Rom-coms, puppets and cute dresses for girls, action films, cars and beer for boys – preconceived notions about gender have persisted until today, and while they are visible in every part of life, they are exceptionally prominent in advertisements that result out of the concept of gendered consumerism.

While Jane Nicholas chooses to focus on the connection between “women’s bodies, film, and the car” (Nicholas 2015, 184) in order to investigate “their cultural value as representations of feminine modernities” (Nicholas 2015, 185), she hints at the impact pre-conceived gender notions and the desire for “things and images” that accompany the mere act of purchasing goods (Nicholas 2015,185).

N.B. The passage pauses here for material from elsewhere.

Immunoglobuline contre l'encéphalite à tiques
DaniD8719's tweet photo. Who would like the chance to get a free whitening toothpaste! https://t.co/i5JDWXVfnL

Neil Sutherland’s article investigates the rise of different forms of media during the 20th century and its impacts on children and young adults and their entry into the world of consumerism, something that companies picked up on, such as radio stations who reacted to their younger audience with “a rapid extension of commercial radio programming directly focused on the adolescent consumers.” (Sutherland 2002, 28) Somebody who probably owed at least part of its massive popularity to the development of smaller and cheaper radio sets that enabled younger consumer to acquire their own is famous Elvis Presley, as Sutherland mentions. The famous musician can act as an interesting example for the idea that consumers want images as much as products that I have established earlier with help from Nicholas’ article.

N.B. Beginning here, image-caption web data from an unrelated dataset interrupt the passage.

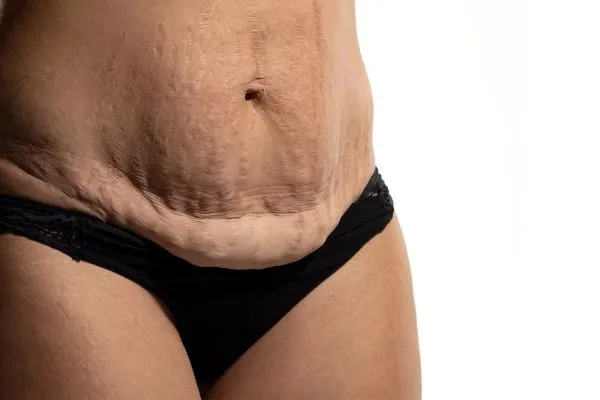 Image of womans stomach after weight loss injections Teddington showing saggy skin
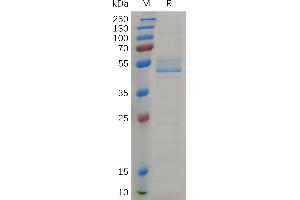 Cynomolgus MDK Protein,  hFc Tag on SDS-PAGE under reducing condition.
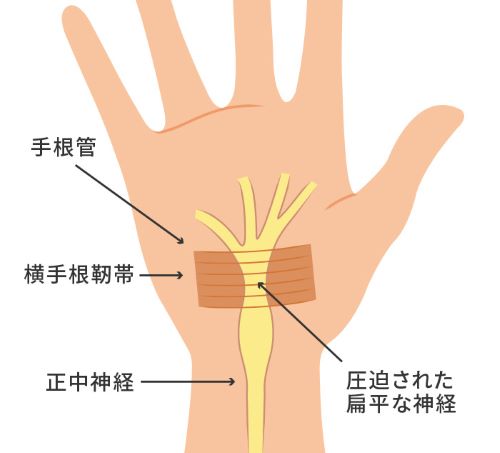 手」の痛み診療室 | MEDIAIDクリニック | MEDIAID Online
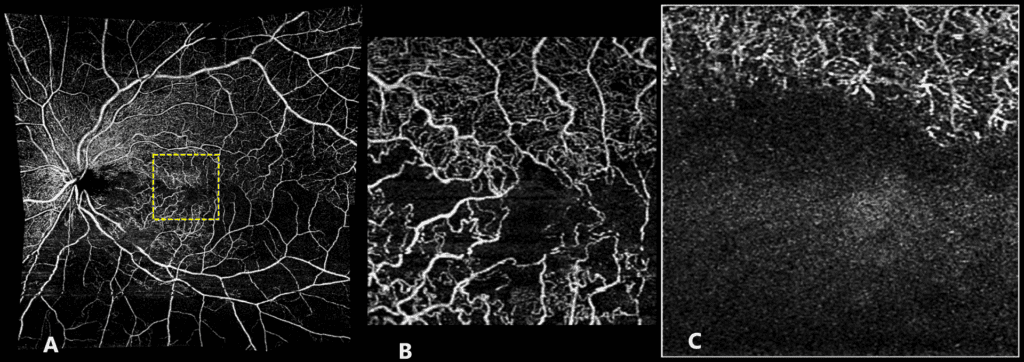 crvo figure 2 combined new (1)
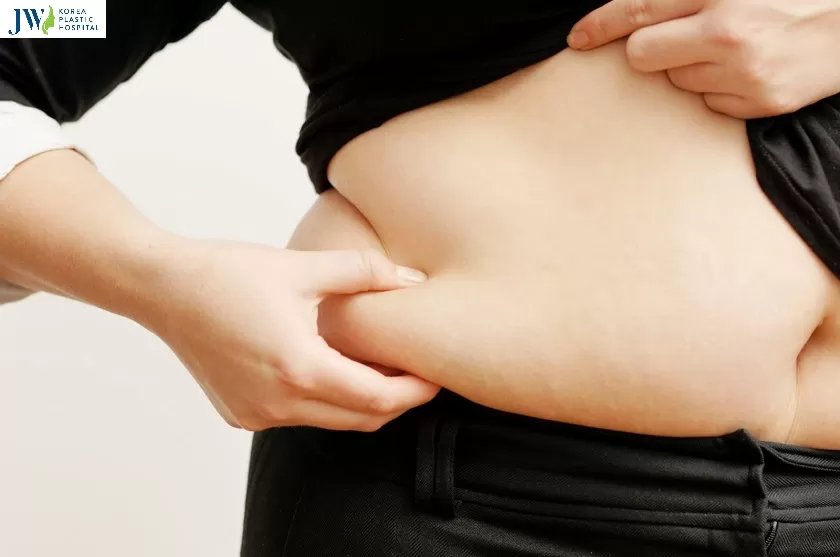 hút mở bụng có béo lại không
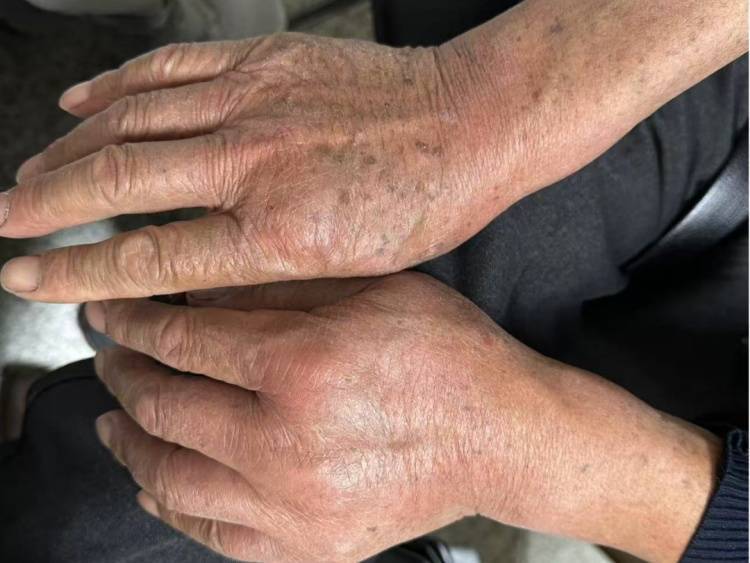 皇冠信用需要押金吗_68岁大伯被蚂蚁围攻送进抢救室！短短十几秒爬满全身皇冠信用需要押金吗，罪魁祸首竟是院子里的“宝贝”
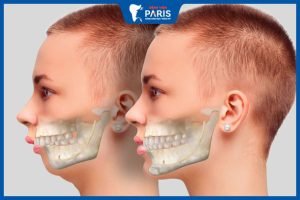 Phẫu thuật hàm hô không cần nhổ răng là gì, lưu ý quan trọng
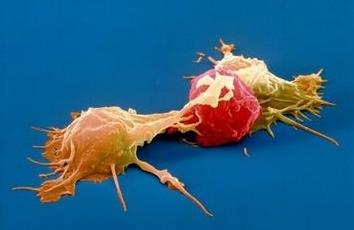 工程化自然杀伤细胞NK可能是下一个伟大的癌症免疫疗法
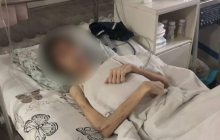 "Духовно лечил": в Одессе отец морил голодом сына-подростка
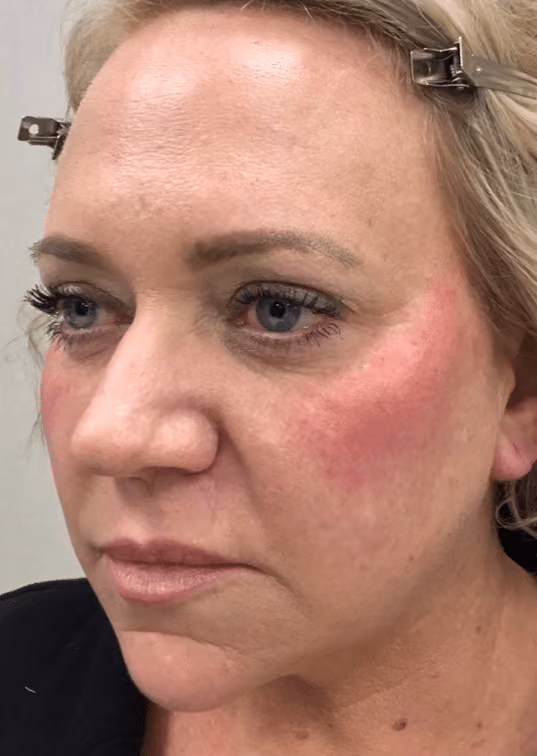 Botox before and after, Olivia Salmen, case 17163 - Cool Springs Plastic Surgery
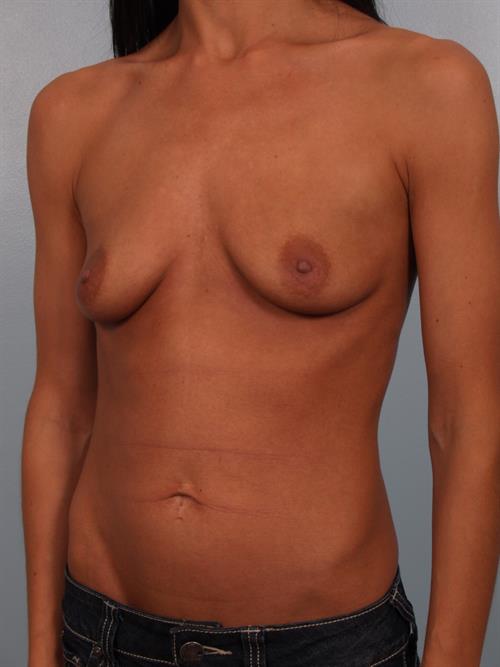 Breast Augmentation Before Photo | Phoenix and Scottsdale, AZ | Scottsdale Center for Plastic Surgery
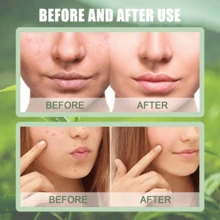 Green Tea Face Masks Stick, Controls Oil, And Deeply Cleanses. Deeply Cleanses And Unclogs Pores, Portable And Mess-Free, Brightens Skin Tone, Travel Essential Face Care Products,Stocking Stuffers For Teens,Christmas Party, Christmas Gifts For Women & Men ,Skin Care - 茶樹 - 查看 5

Torontoist journalist Kevin Plummer recapped in his piece “Historicist: Elvis in Toronto, 1957”, the review written by Toronto Star music critic Hugh Thomson who emphasised the popstars focus on using his body as a means of seduction and concluding that Elvis’ “basic theme and appeal were sex, which [he] lays on with the subtlety of a bulldozer in mating season” (link to the article to be found under References), therefore using the image of sex, seduction, sensuality to appeal to mostly female audiences, a strategy that is extraordinarily often found in the music industry even today.

As I mentioned in the beginning, the strategy of gendering products is still prominent in today’s advertising industry. It is still a long way to go to finally erase gendered products, but there are steps being made towards gender neutrality in targeted advertising. A recent example for this is Mattel’s a recent example being the toy company Mattel that put it’s first-ever boy in a commercial for a Barbie doll created in collaboration with fashion label Moschino in November 2015 and sparked a discussion about gendered products.

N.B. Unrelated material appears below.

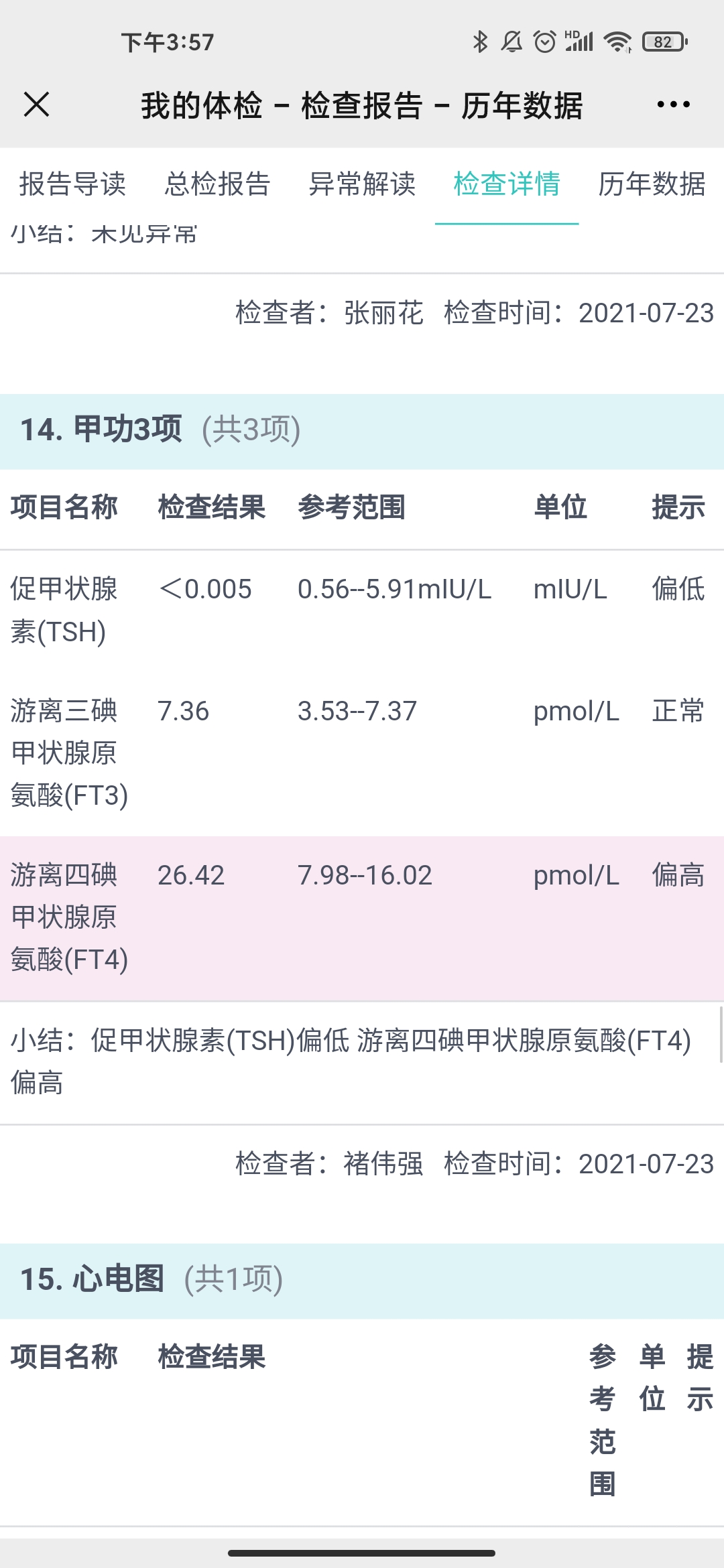 医生你好我在之前做检查时测甲功五项促甲状腺激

The question that follows this, however, is -if companies decide to emphasise gender neutrality with the advertisement of their products- do they decide to do so because of their own beliefs in that gendered consumerism needs to be dismissed? Or is it more likely because they speculate that the new millennial generation, to which a blurring of the gender lines seems more important than ever, is going to decide to go with the company mirroring their own values and beliefs once they are going to enter the market as parents themselves?

 

 

References:

Nicholas, “Modern Girls and Machines: Cars, Projectors and Publicity,” in The Modern Girl: Feminine Modernities, The Body, and Commodities in the 1920s, Toronto: University of Toronto Press, 2015: 184-210.

Sutherland, “Popular Media in the Culture of English-Canadian Children in the Twentieth Century,” Historical Studies in Education, 14, 1 (Spring, 2002): 1-33.